■ **DATA RECORDS**

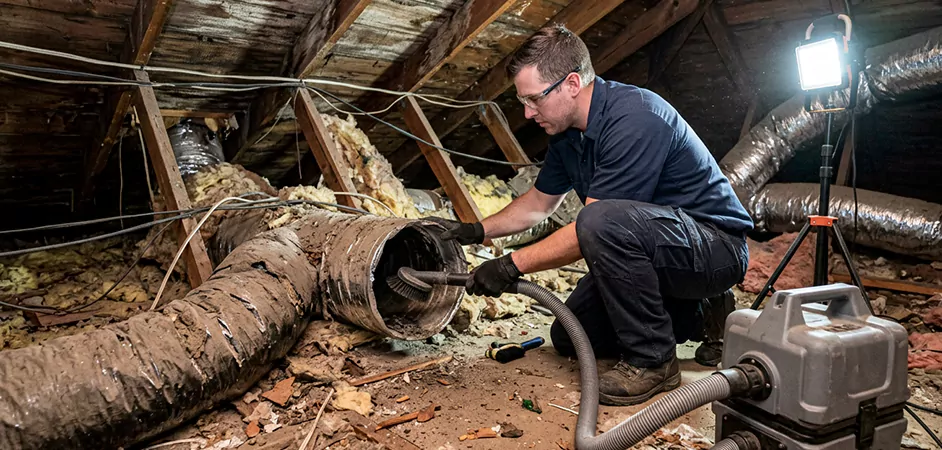 Storm-Damaged Attic Duct Cleaning in Salisbury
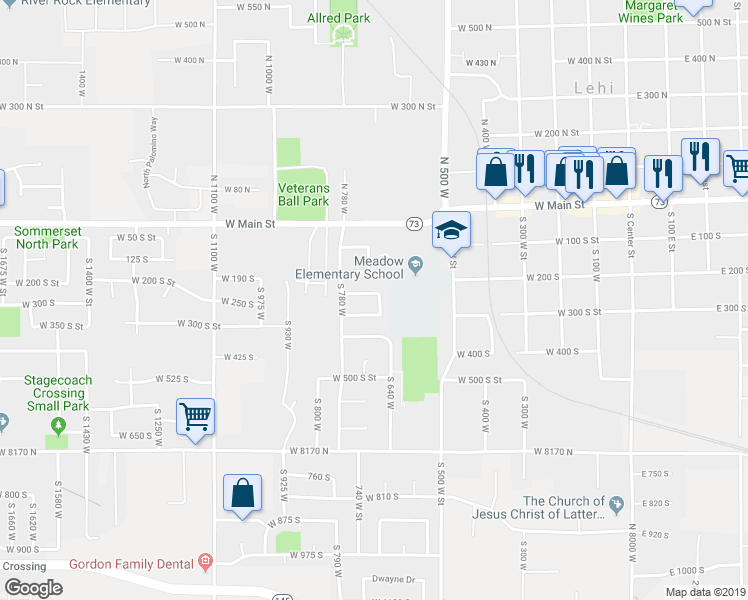 map of restaurants, bars, coffee shops, grocery stores, and more near 262 South 680 West in Lehi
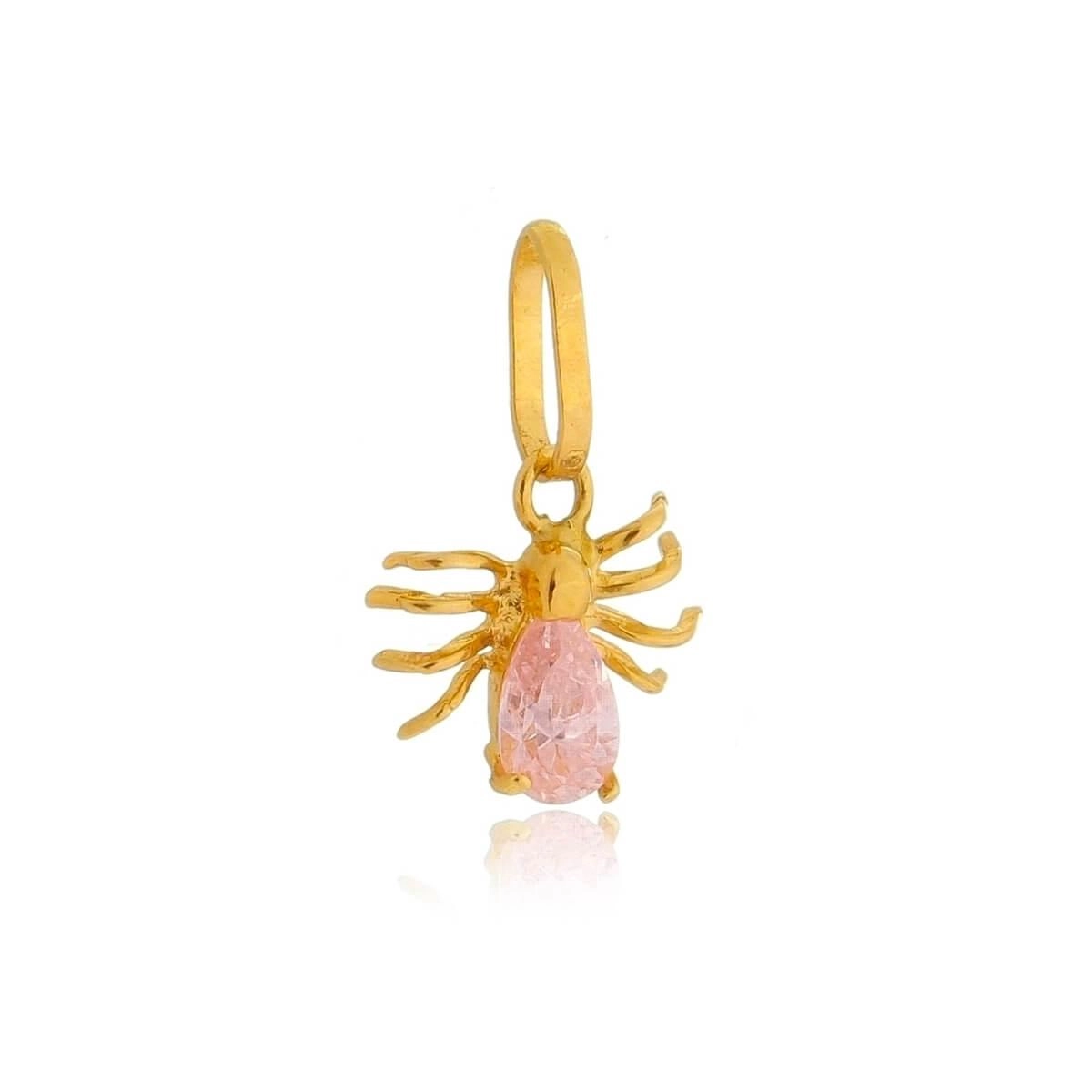 Pingente Ouro 18k Aranha C/Zircônia Rosa 8mm 
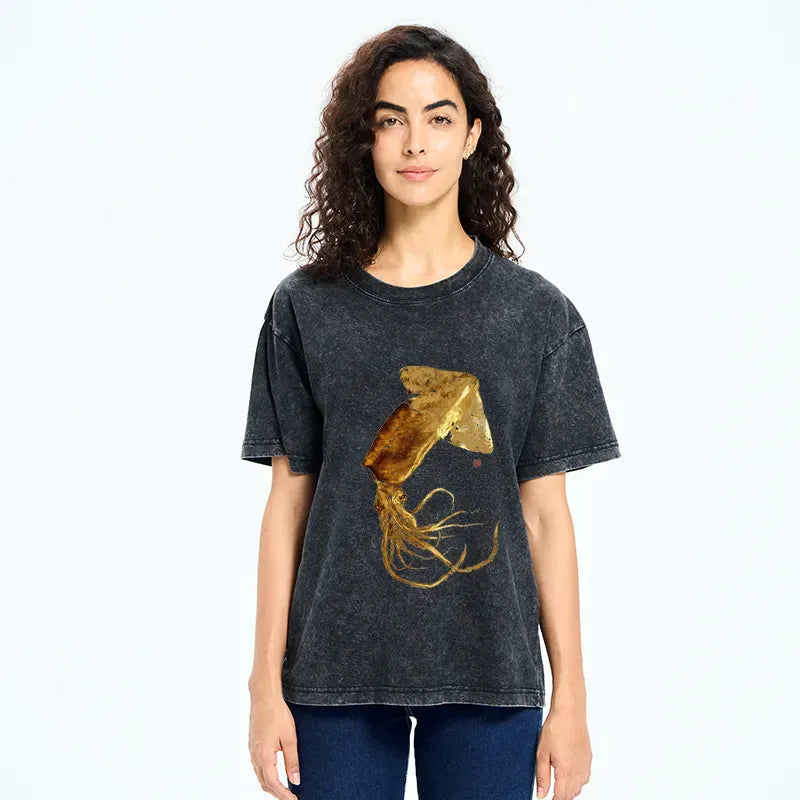 Golden Squid Washed T-Shirt for Summer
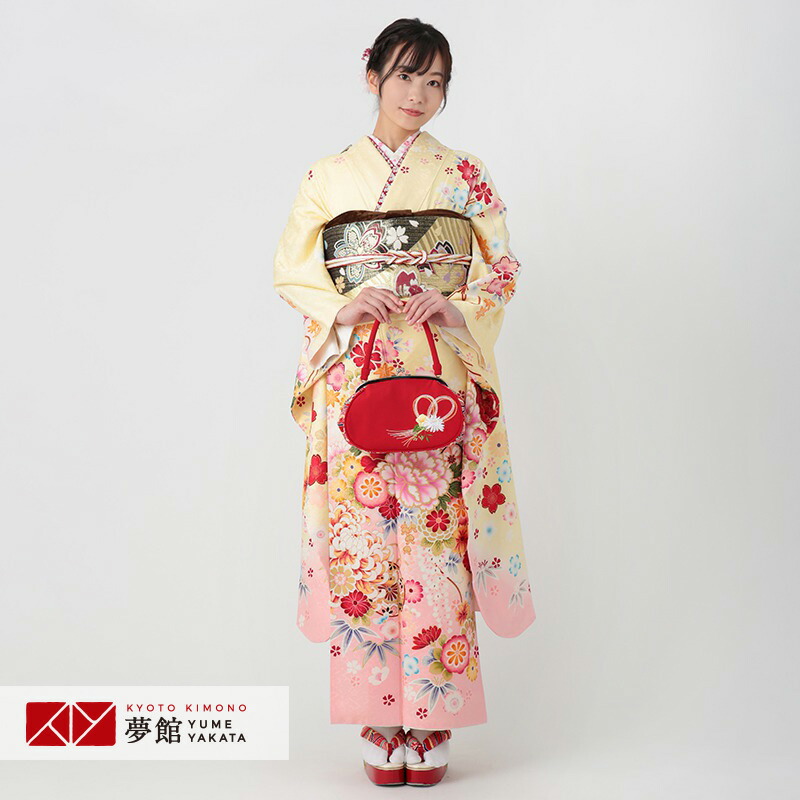 【振袖 レンタル】 結婚式 結納R1557 正絹 黄色 可愛い牡丹花 振袖 レンタル フルセット ふりそで 振り袖 結婚式 披露宴 親族 卒業式 パーティー 結納 着物レンタル 貸衣装 女性 和服 往復送料無料
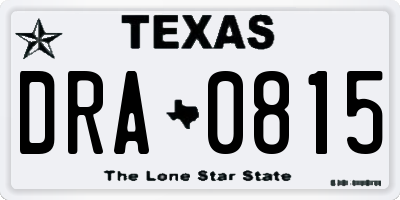 TX license plate DRA0815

■ **WHAT THE EXERCISE ASKS**
Your answer should hold only the lines from the one with "女性 和服 往復送料無料" through the final line of the listing above, transcribed exactly and without pictures.

■ **TASK SOLUTION**
 【振袖 レンタル】 結婚式 結納R1557 正絹 黄色 可愛い牡丹花 振袖 レンタル フルセット ふりそで 振り袖 結婚式 披露宴 親族 卒業式 パーティー 結納 着物レンタル 貸衣装 女性 和服 往復送料無料
 TX license plate DRA0815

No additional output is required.